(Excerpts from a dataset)
-------

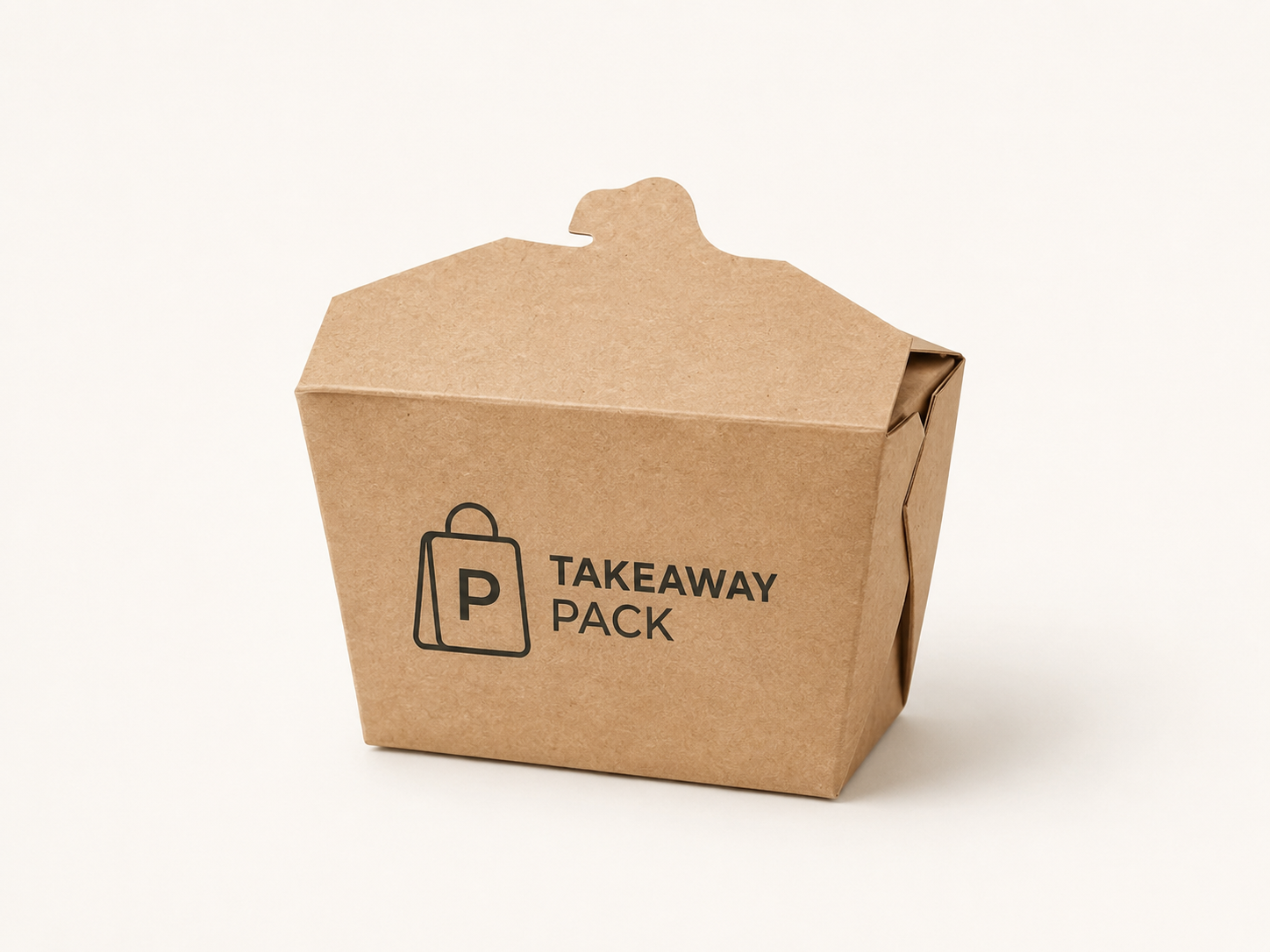Sealed takeaway meal, drink, and delivery bag with tamper-evident closures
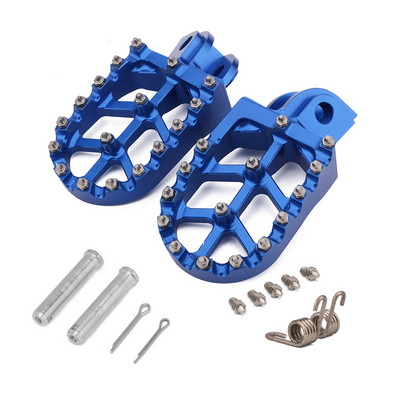 Sujete de picior pentru motocicletă Pedale de sprijin pentru picioare pentru KTM SX SXF EXC EXCF XC XCF XCW XCFW SMC 50 65 85 125 150 200 250 350 450 530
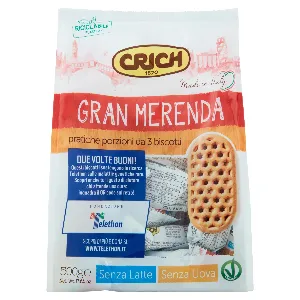 CRICH FROLLINI GRAN MERENDA GR.500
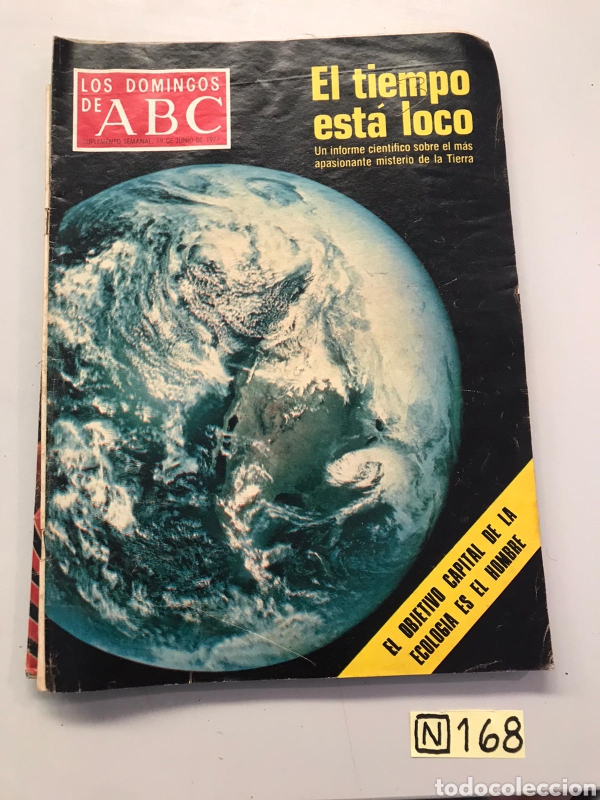 Coleccionismo de Los Domingos de ABC: Los Domingos De ABC - Foto 1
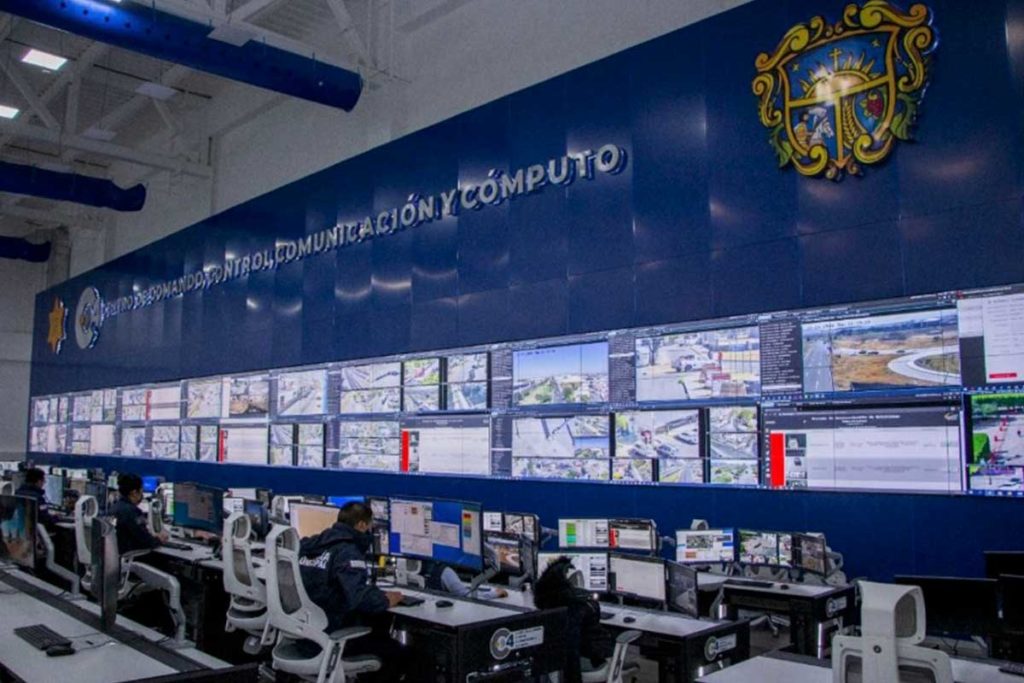 Con el C4 se han recuperado más de 700 vehículos con reporte de robo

-------

■ **Exercise prompt**
Each record must be quoted in full and exactly. Do not include the pictures.

■ **Solution to the problem**
Sealed takeaway meal, drink, and delivery bag with tamper-evident closures
 Sujete de picior pentru motocicletă Pedale de sprijin pentru picioare pentru KTM SX SXF EXC EXCF XC XCF XCW XCFW SMC 50 65 85 125 150 200 250 350 450 530
 CRICH FROLLINI GRAN MERENDA GR.500
 Coleccionismo de Los Domingos de ABC: Los Domingos De ABC - Foto 1
 Con el C4 se han recuperado más de 700 vehículos con reporte de robo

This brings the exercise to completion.